Estamos obligados a ser opti­mistas, pero, también, rea­listas. De situaciones peores ha sobrevivido el mundo, aunque a un elevado costo. Algunas, originadas en la naturaleza, otras, pro­venientes de enfermedades y no pocas creadas por el propio hombre, como las guerras. Todas esas tragedias las hemos vivido como nación. Y volvimos a reconstruirnos, una y otra vez. No es con ánimo derrotista, angustiándonos anticipadamente por la debacle socioe­conómica por venir, que vamos a salir airosos de esta emergencia. Es tiempo de serenidad. De dominio propio. De tener fe. Hay que superar esta crisis por etapas. Por ahora, la consigna de hierro es permanecer en casa y mante­nernos vivos.

Ser optimistas no implica dibujar castillos en el aire.
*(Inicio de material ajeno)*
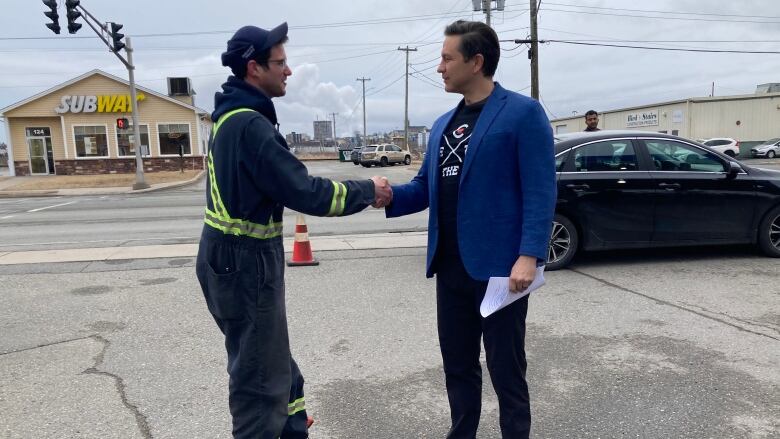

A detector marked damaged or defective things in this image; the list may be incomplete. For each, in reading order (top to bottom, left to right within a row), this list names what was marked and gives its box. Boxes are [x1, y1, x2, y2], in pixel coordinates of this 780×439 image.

road crack [568, 268, 776, 344]
road crack [84, 336, 154, 438]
Ser optimistas es reconocer nuestra propia capacidad, nuestra voluntad creadora, nuestra fortaleza espiritual para sobreponer­nos a las adversidades. La realidad que se aproxima será altamente compleja y económicamente dura. Pero como dice el refrán “si hay vida, hay esperanza”.
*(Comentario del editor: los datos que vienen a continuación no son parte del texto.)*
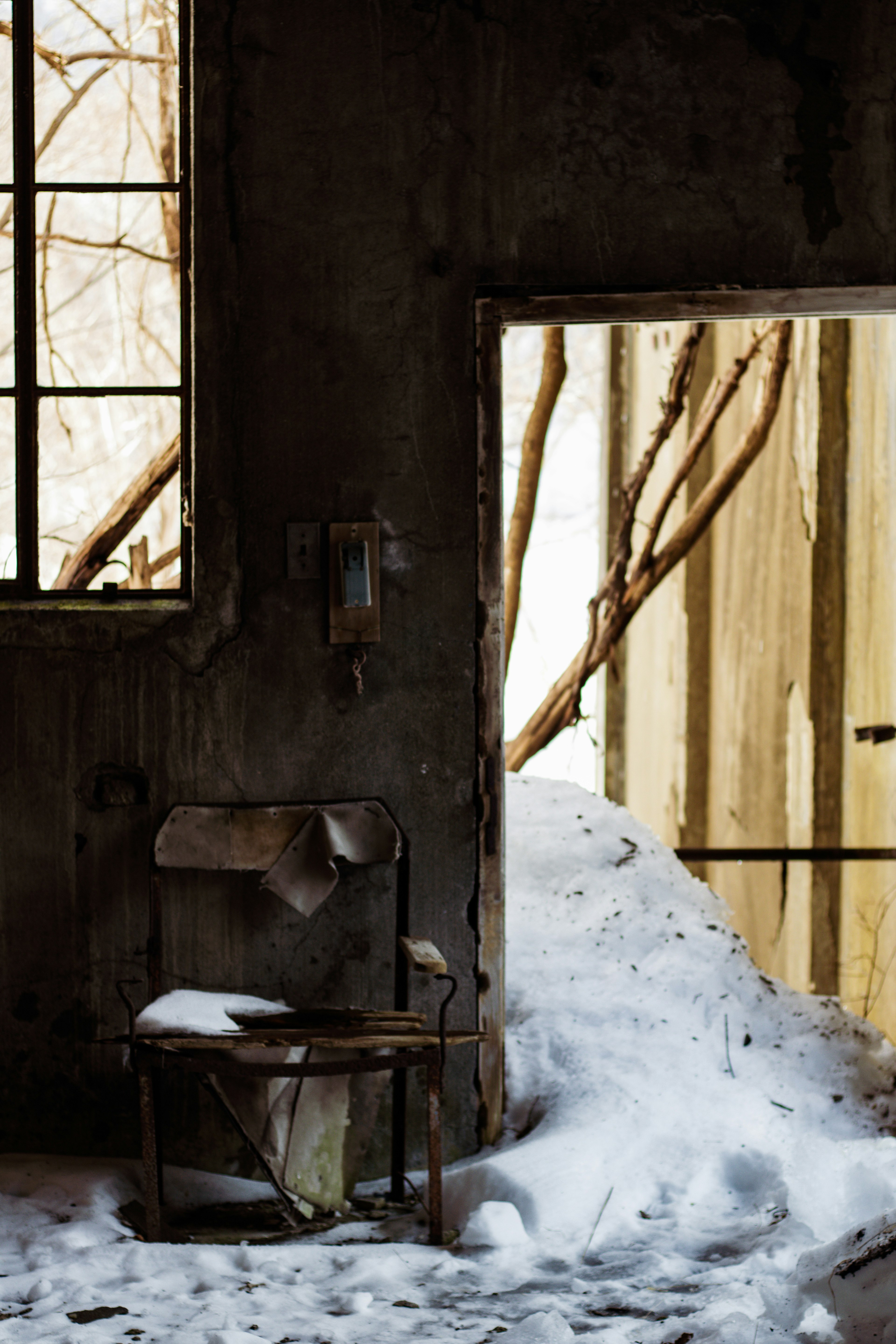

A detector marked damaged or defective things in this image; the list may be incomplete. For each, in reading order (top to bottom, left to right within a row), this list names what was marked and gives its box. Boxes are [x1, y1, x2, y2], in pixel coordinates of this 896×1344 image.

broken window pane [33, 0, 177, 187]
broken window pane [36, 189, 180, 390]
broken window pane [0, 395, 14, 575]
broken window pane [38, 390, 180, 588]
rusted metal bar [137, 1043, 441, 1075]
rusted metal bar [138, 1064, 163, 1242]
rusted metal bar [427, 1059, 443, 1247]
Gran parte de la sociedad asume a con­ciencia respetar las endurecidas res­tricciones del Gobierno para evitar la propagación del coronavirus. Tene­mos lecciones que aprender de países del primer mundo de Europa, como, por ejemplo, Italia. Aprender de cómo las medidas no tomadas a tiempo y la irresponsabilidad de un sector de la población someten a esta nación a un récord de tristezas: 800 muertos en un lapso de 24 horas.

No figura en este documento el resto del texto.